Block Inc. has introduced Builderbot, a new internal AI orchestration tool designed to automate software development activities by coordinating multiple AI agents across the company’s codebase and interfacing with engineers through Slack.
According to Block, Builderbot carries out more than 200,000 operations each day and merges about 1,500 pull requests every week. The company says those merges represent roughly 15% of all production code changes across Block.
Engineers interact with Builderbot by tagging the bot in Slack and describing the work they need done. The system then proceeds to research, plan, and implement code for tasks such as bug fixes, service migrations, or new feature development, while team members continue to collaborate in real time.
Builderbot is presented as distinct from standard coding assistants because it is built to understand the full context of Block’s engineering environment. That includes awareness of every internal service, API, and company convention.
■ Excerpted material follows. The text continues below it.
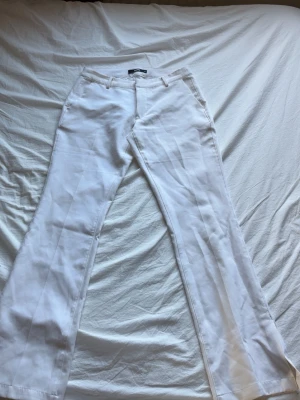 lågmidja vita kostymbyxor  - Stilrena vita kostymbyxor med vida ben och klassisk passform. Byxorna har hällor för skärp, fickor fram och bak samt stängs med dragkedja och knapp. Perfekta för en clean och dressad look. Materialet ser ut att vara en linneblandning.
Within that context, the system can pick up tickets from Linear and Jira, create branches, author code, open pull requests, monitor continuous integration pipelines, and iterate based on feedback.
Block emphasizes that Builderbot’s scope is limited to source code and system configuration. The tool does not access customer data, payment information, or personally identifiable information.
Brad Axen, Head of AI Capabilities at Block, described Builderbot as filling a gap between existing AI coding tools and large-scale engineering workflows: "The best way to think about Builderbot is as the missing layer between AI coding tools and how engineering actually works at scale," he said. "It handles the orchestration, the context, the environment, so our engineers can focus on the problems worth solving."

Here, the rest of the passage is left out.